ATF is dealing with 290,000+ comments for receiver rule; and still plan to issue it in June 2022. Previously, they dealt with 36,000~ comments for bumpstocks.
Meanwhile, the FAA is dragging their feet on only 19,000~ comments for the Boca Chica EIA.
This does show that volume of comments are not an obstacle if the rule/process is heavily desired by those at the top.
My personal hunch, which is sadly unsupported; since I don't have any contacts "in the know" is that elements are nudging the FAA to "thumb the scale" just enough that SLS flies first.
If SLS flies first, even if it only beats Starship by a week, things will be great.
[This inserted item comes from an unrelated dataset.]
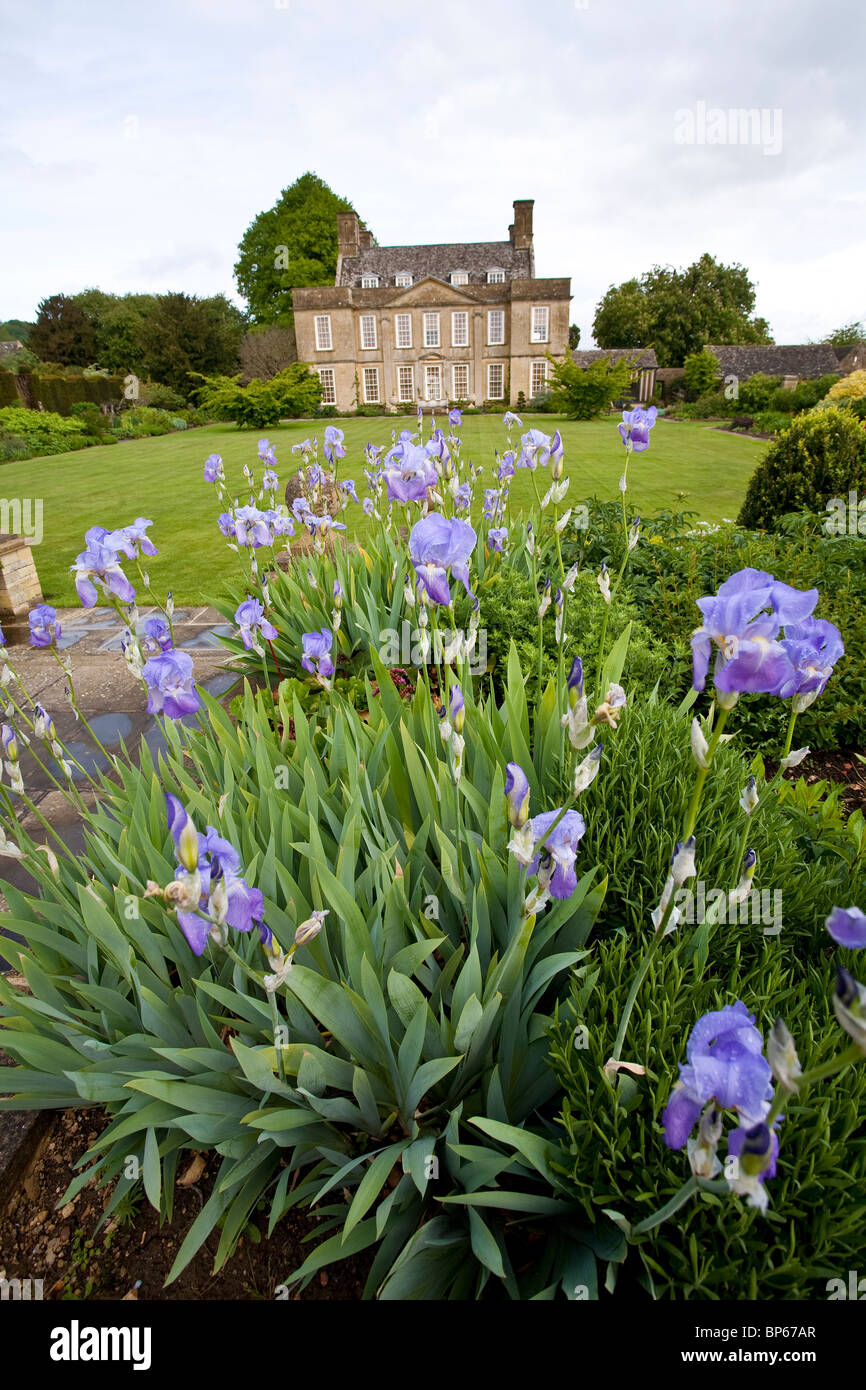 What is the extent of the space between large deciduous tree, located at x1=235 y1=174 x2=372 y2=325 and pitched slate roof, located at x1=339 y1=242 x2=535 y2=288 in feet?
10.3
If however, Starship beats SLS -- that's going to be quite uncomfortable, because remember, back in 2014, then NASA Administrator Charles Bolden said:
"Let's be very honest again. We don't have a commercially available heavy lift vehicle. Falcon 9 Heavy may someday come about. It's on the drawing board right now. SLS is real. You've seen it down at Michoud. We're building the core stage. We have all the engines done, ready to be put on the test stand at Stennis... I don't see any hardware for a Falcon 9 Heavy, except that he's going to take three Falcon 9s and put them together and that becomes the Heavy. It's not that easy in rocketry."
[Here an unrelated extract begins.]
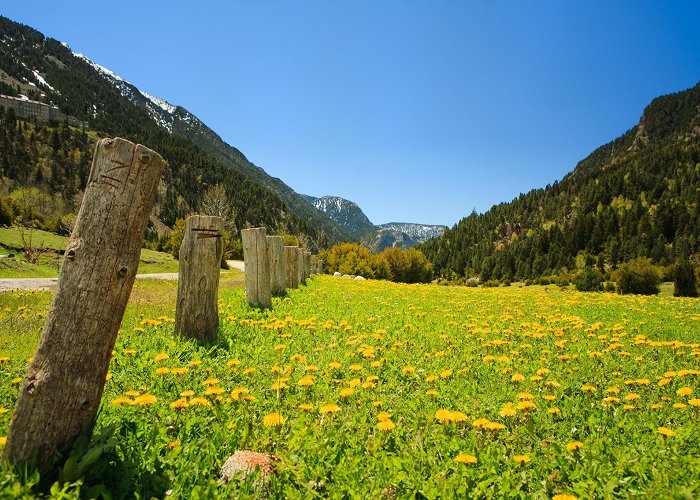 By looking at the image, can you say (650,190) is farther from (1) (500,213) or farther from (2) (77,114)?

If both Falcon Heavy AND Starship fly before SLS; even the dumbest congressman will start asking hard questions, which will be rather uncomfortable.
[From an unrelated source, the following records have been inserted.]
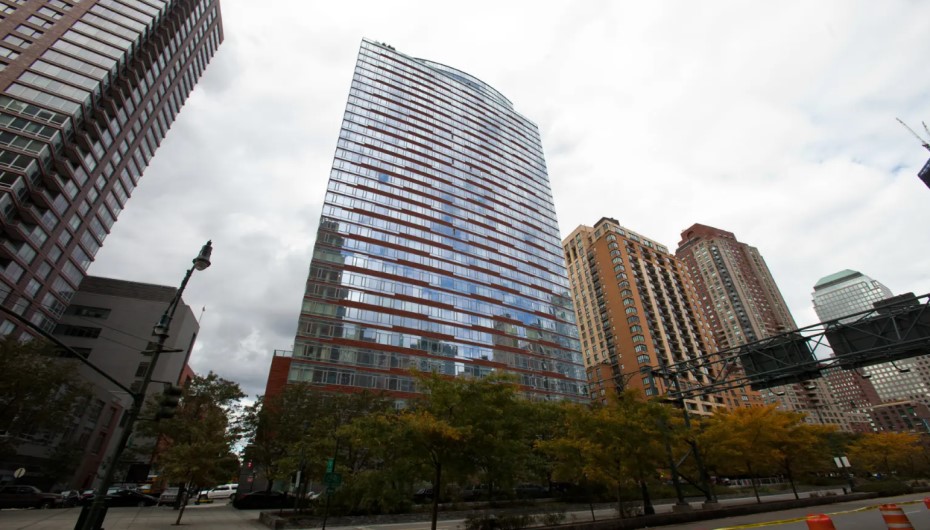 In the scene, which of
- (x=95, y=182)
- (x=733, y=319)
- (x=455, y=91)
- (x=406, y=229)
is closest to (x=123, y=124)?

Yes, I know there are elements who want Starship:
DOD is warming up to it's potential to rapidly deploy satellite constellations; a vital national security need as space weaponry becomes more prevalent, while the NASA Science community is warming up to the idea of HLVs, as long as they're not the one paying for HLVs. (SLS is a threat to science, because SLS funding sucks away money for science spacecraft).
But they don't have enough influence (yet) to be decisive. I think what we're seeing here within NASA and other government agencies associated with space is a generational switch comparable to the "Bomber Mafia" of the 1940 to 1960s, which was slowly supplanted by the "Fighter Mafia" post-Vietnam in the US Air Force.
As I said before, I can't prove any of this, as I'm an outsider looking in, with no contacts within the bureaucracy.